Pierre Barouh : Hasards ou circonstances
François Desmeules
Photo : Jean-Luc Guérin
C’est une histoire d’amour et de hasard, l’histoire fugitive, une histoire écrite comme une chanson. Cela se passait sur un quai de gare. Sur les écrans, Anouk Aimée embrassait Jean-Louis Trintignant derrière un refrain indolent. Dabadabada dabadabada faisait chavirer le cour des Français.
Pierre Barouh a construit son royaume sur une seule chanson. En 68, fort du petit capital que lui rapporte le thème du film de Lelouch, il fonde l’étiquette de disques la plus mythique de France: Saravah. Il y enregistrera en trente ans une demi-douzaine d’albums magnifiquement indolents dont les plus mémorables sont assurément Ça va, ça vient et Le Pollen. Bien sûr, le mythe ne se nourrit pas d’un 33 tours aux cinq ans. Homme d’affaires s’étant exercé sur les marchés fruitiers du Brésil, visionnaire dont on commence à peine à mesurer l’incidence sur la chanson française, Barouh endisque (plus ou moins) Higelin, Brigitte Fontaine, Jean-Roger Caussimon, David Mac Neill, Maurane et même Steve Lacy. Bien en évidence sur chaque pochette, le célèbre slogan de l’étiquette («Il y a des années où on a envie de ne rien faire») témoigne de l’indolence réfléchie de son maître. Chansons originales doucement improvisées, chansons douces, chansons folles, chansons d’orfèvres, on ne compte pas les chefs-d’ouvre endisqués sur Saravah. Il n’y a que ça.
Durant trente ans, Barouh gère sa petite entreprise entre deux voyages. Ses propres albums sont tachés de rencontres, le Brésil de la samba, le Japon techno de Sakamoto et le Québec de Michel Rivard où il passe régulièrement. Au pays du soleil levant, l’amour d’une certaine France sauve, un temps, l’étiquette du péril financier. Barouh y rencontre sa deuxième épouse. Lui qui se promène toujours caméra vidéo à la main, il y produit de petits films anecdotiques sur ses pérégrinations.

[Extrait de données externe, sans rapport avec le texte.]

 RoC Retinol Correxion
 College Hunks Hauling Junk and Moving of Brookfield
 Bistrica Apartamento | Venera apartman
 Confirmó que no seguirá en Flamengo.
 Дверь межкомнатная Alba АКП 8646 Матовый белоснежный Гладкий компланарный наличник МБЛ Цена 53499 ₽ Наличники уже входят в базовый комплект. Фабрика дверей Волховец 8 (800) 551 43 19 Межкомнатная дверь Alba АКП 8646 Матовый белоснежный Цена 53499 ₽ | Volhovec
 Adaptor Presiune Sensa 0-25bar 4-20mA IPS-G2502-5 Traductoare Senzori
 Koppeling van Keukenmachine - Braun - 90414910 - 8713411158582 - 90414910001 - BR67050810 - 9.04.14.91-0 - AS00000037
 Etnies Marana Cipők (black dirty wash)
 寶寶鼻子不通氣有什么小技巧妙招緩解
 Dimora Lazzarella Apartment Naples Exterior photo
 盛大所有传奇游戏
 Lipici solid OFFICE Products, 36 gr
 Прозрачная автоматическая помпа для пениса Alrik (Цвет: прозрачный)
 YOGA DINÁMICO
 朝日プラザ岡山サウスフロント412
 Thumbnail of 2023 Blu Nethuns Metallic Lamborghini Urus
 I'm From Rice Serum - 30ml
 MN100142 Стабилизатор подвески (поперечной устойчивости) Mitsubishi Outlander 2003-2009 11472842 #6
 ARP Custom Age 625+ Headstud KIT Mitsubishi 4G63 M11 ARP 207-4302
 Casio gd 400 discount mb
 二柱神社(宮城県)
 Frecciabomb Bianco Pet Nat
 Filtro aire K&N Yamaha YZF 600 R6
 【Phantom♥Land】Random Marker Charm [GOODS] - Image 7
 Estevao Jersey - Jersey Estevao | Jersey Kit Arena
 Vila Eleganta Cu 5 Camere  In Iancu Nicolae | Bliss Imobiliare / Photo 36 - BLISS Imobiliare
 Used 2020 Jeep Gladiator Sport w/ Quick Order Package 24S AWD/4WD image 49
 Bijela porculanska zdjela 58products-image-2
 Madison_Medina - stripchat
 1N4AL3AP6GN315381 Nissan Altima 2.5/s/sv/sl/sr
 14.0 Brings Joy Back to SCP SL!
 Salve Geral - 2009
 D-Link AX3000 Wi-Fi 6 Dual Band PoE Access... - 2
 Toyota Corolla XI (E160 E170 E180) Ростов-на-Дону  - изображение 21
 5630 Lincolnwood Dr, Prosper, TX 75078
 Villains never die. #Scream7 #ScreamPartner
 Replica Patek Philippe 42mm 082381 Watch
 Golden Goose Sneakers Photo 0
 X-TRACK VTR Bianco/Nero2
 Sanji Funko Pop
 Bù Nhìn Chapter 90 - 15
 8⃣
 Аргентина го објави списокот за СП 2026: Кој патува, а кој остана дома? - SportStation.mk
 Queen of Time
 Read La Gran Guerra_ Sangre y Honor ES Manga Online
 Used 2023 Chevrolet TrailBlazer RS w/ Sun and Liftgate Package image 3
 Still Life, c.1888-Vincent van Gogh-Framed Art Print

Alors que la chanson française se retrouve difficilement des naïvetés, la patience tranquille de cet homme adorable qui, malgré trois maisons, a gardé la raison, s’élève en art révolutionnaire. En marge de tous les courants, Saravah persiste et, durant cette décennie, signe de nouveaux artistes. L’exotique Bia, la réaliste Kucheida, d’autres encore… En 1997, une rumeur persistante qui courait sur quelques… années se confirme: dix ans après Noël, Pierre Barouh enregistre un nouvel album, Itchi Go Itchi E, ce qui en japonais signifie: une rencontre, une occasion. Amplement ponctué de rythmes latins, l’objet indolent et assurément déjà classique, sur lequel on retrouve un inédit de Caussimon chanté en duo avec Claude Gauthier, ne vient pas seul. Délaissant son petit café parisien et son flipper quotidien, son plaisir à ne rien brusquer et les plantes exotiques du jardin de la rue de l’Estrapade, l’attachant personnage, rattrapé par l’histoire, vient à Québec le temps d’un petit spectacle. L’homme, qui se défend bien d’être un authentique chanteur, a aussi sur le métier des opinions irremplaçables dont nous avons causé à quelques reprises. Rien ne presse. Nous trouverons bien un jour le moyen de vous les raconter. Une rencontre, une occasion, Pierre Barouh signera aussi des dédicaces et rencontrera les amis, le 15 à 14 heures dans un magasin de disques de la rue Cartier.